Her latest position though has angered charities. Tim Pilkington, chief executive of the charity World Vision, said:
“An anti-aid agenda is now becoming brazen within parts of parliament. It is unacceptable for the world’s poorest to be used as a football in a Brexit-fed political power struggle.
Others using the world’s poor as a football include Boris Johnson and Penny Mordaunt.
Johnson, along with Tory MP Bob Seeley and former Labour but now independent MP Iain Austin, recently also backed a Henry Jackson Society report calling for aid to be ‘redefined’ and DFID to be taken over by the Foreign Office.
While Patel said aid money should be spent on peace-keeping and counter-narcotics, the Johnson-backed report wants it spent on Foreign Office and military projects and the BBC World Service. Oxfam’s head of government relations Jon Date said:
“Redefining Britain’s aid budget in this way would be a recipe for disaster. The primary purpose of aid is – and should continue to be – to fight poverty. Any other approach risks aid being spent badly and jeopardising the lives of the world’s most vulnerable.
Even the actual International Development Secretary Penny Mordaunt has joined in.

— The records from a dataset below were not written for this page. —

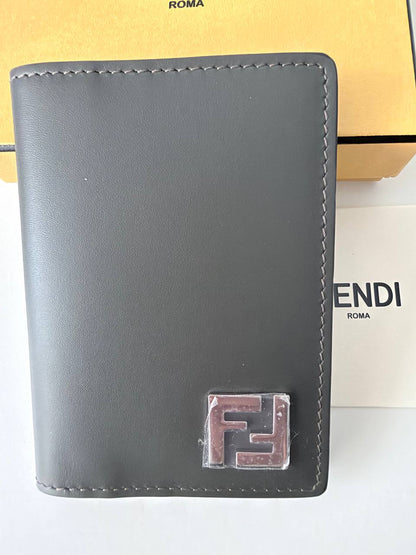 Funda para Pasaporte Fendi FF Baguette Bifold en Piel Gris y Lona Revestida FF
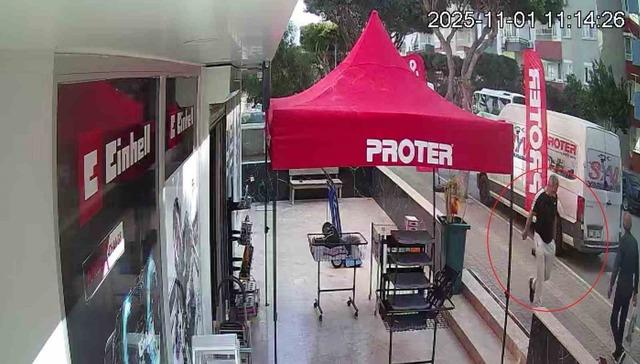 Yoldan geçenlere dehşeti yaşatıp 1 kişiyi bıçaklamıştı! Adım adım izi sürülerek yakalandı 3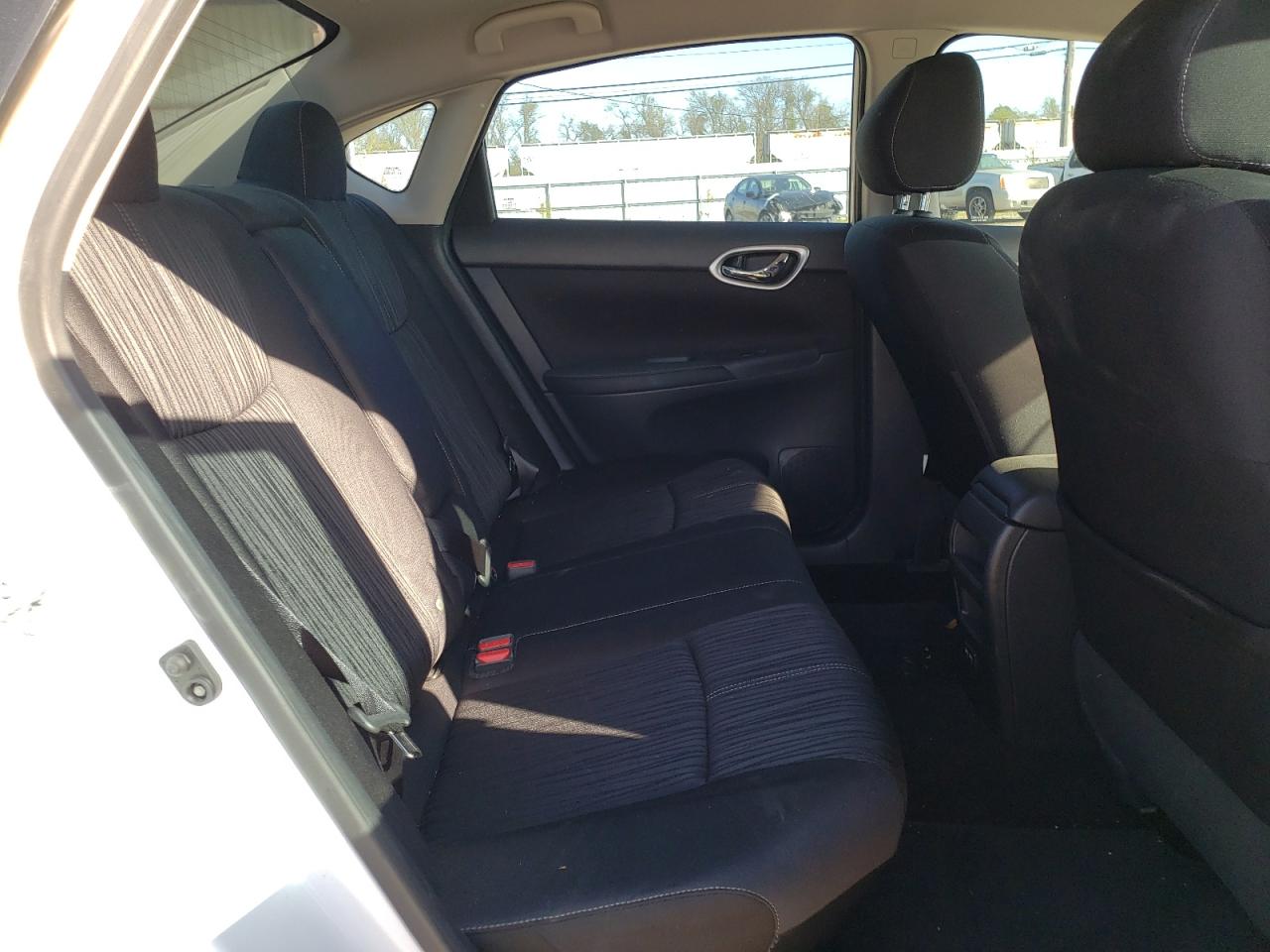 Photo 6 from auction – 2018 NISSAN SENTRA S with VIN 3N1AB7AP3JY297987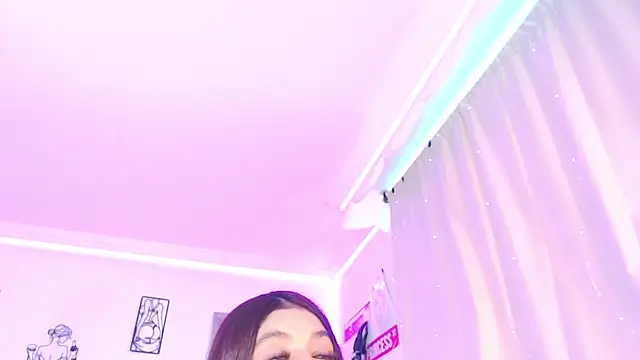 Snapshot of Anna_belly chatting on July 8, 1:15 pm Anna belly online show from July 8, 1:15 pm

Although she talks endlessly about being a “former aid worker” (she spent her gap year in a Romanian orphanage) she is disliked in her own department and in the aid sector.
One reason for that is that she offered her department’s money to the military for the building of Royal Navy ships.
For all his faults, David Cameron and his government did at least spare overseas aid from their vicious cuts – if only to help detoxify his party and promote his husky-hugging image.
In the next leadership election, several front-runners will have no such concerns and will be promoting themselves as the anti-aid candidate.
Joe Lo is a freelance journalist and a reporter for Left Foot Forward
5 Responses to “Priti Patel and the Tory Right don’t believe in helping the global poor”
Jon Lewis
But, but David Lammy said ..
NMac
Tories generally believe in helping themselves, especially to public money either legally or illegally (ie look up Duncan-Smith and he “Betsygate” affair as just one example).
Patrick Newman
It is a miracle that overseas aid has survived at .7% of GDP – but not much longer once they have disposed of May. Not that she is bothered but as someone who can multi-task she has not looked at aid spending.